Les grandes cramées du bistouri peuvent numéroter leurs abatis. Elles sont laminées par la prose proche du haïku dite avec grâce par Violeta dont le nez unique a changé la face de la Haute Couture.

C'est un défilé de tronches mais aussi de citations littéraire, de "Confessions d'un masque" de Mishima à "La peau de chagrin" de Balzac et si Olivier tire à bout portant, son show est lui, tiré à quatre épingles.

Le divin Olivier de conclure en citant Coco, la grande Mademoiselle au visage ridé comme une vielle pomme et à la moue hautaine " Il n'y a rien de plus vieillissant que de vouloir rester jeune". CQFD!

Un vrai moment d'art moderne.

Comme le dit Paquita Paquin, qui se précipite, comme nous tous, en coulisses pour embrasser les deux performers: "Tu as épuisé le sujet". S'il l'a épuisé, s'il a bien fait les coins, nous, nous sommes rajeunis de dix ans devant de tels assauts d'esprit et de culture. On se sent renaître cet après midi froid, et on se dit que 2011 commence sur des chapeaux de roue! Question niveau, il a mis la barre haut.

Mais ce mardi, le plus navrant, ça n'étaient ni les faux nez ni les bouches repulpées. Mais bien les faux culs. Et ceux là, aucun bistouri n'y peut mais.

mardi 18 janvier 2011

Féroces



Charmants. Ils sont charmants, les parents de Robert Goolrick. Féroces. Ils sont féroces. Ils abusent. Ils abusent de cocktails sophistiqués dans la belle maison dans laquelle ils accueillent leurs voisins ou leurs relations pour des diners ou des verres mondains. Ils abusent de bonnes manières dans leurs costumes en tergal et leurs robes fleuries en popeline. A la manière des personnages élégants et tirés à quatre épingles de "Mad men", la série culte, ils abusent de clopes, et finissent par en crever, de tous ces abus. Dans ce magnifique livre, Robert Goolrick commence par ça. La mort. Celle de ses parents. Avant de décrire avec une précision glaçante comment ils l'ont assassiné quand il était enfant. Ça commence par la boite dans laquelle il tient les cendres de son père. Ça commence par l'état de déchéance pathétique dans lequel sont ces deux parents qui ont abusé. Malades, grabataires, des épaves physiques et morales. Des pauvres choses détruites et amères. Lui, Robert Goolrick, celui auquel on a volé son enfance et sa vie ne l'est pas, amer. Il est lucide, il est implacable. Il est drôle aussi. On imagine la souffrance qu'il a fallu surmonter pour réussir à être léger en racontant ce qu'il raconte avec cette apparente distance.

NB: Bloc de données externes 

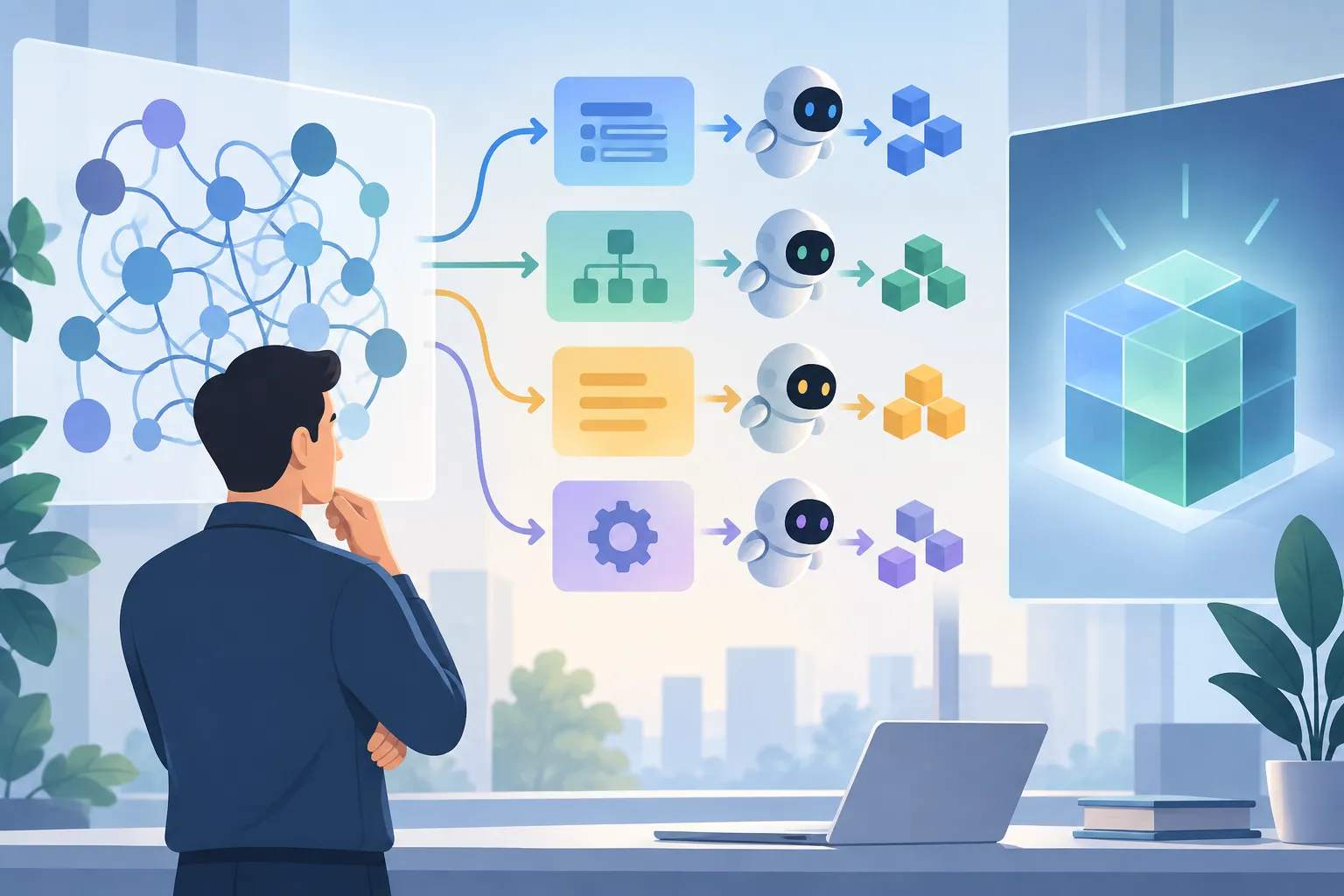 An engineer divides a software plan into separate workstreams and inspects the result of abstract AI nodes.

Ses parents étaient féroces. Atroces aussi. Atroces, ces faux semblants, cette hypocrisie et leurs cocktails mondains toujours trop arrosés qui cachaient un secret. Un secret atroce. Le talent puissant et subtil que déploie Robert Goolrick parvient à nous amener progressivement à comprendre la violence dont il a été l'objet. Objet. Il devient l'objet de ses parents élégants et lisses. De ces parents beaux, tout droit sortis d'un de ces films des années 50 en Technicolor où les grandes familles américaines jouissent gaiement de l'american way of life. Quand on regarde ces films aujourd'hui, on leur trouve un charme fou. Le Technicolor a rendu ses couleurs, qui ont passé, mais tout le mode a l'air si heureux. Elle est comme ça l'enfance de Robert Goolrick. Comme un film en Technicolor sauf qu'on a juste envie de gerber en le regardant.

C'est l'histoire d'un abus, niché dans une famille normale. Et l'auteur nous décrit comment toute sa vie il se débat pour juste y survivre.

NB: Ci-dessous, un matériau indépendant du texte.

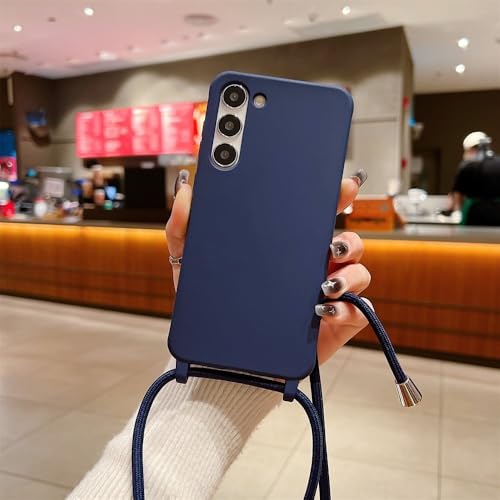 ZSUFCBF Luxuriöse, Matte, weiche Silikon-Crossbody-Hülle mit Halskette und Kordel für Samsung S24 S23 Ultra S22 Plus S21 S20 FE S11 S10 S9 S8 Cover, N Blau, für S11E ZSUFCBF Luxuriöse, Matte, weiche Silikon-Crossbody-Hülle mit Halskette und Kordel für Samsung S24 S23 Ultra S22 Plus S21 S20 FE S11 S10 S9 S8 Cover, N Blau, für S11E von ZSUFCBF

Goolrick regarde en face ce qui a fait de lui un monstre de douleur, un homme qui se taillade les veines tout seul dans des chambres d'hôtel sordides pour se faire jouir, au risque d'y laisser sa peau.

"Féroces", est un grand livre. C'est un livre sur la famille. C'est un livre sur l'inceste.

C'est un livre qu'on n'oublie pas quand on l'a refermé.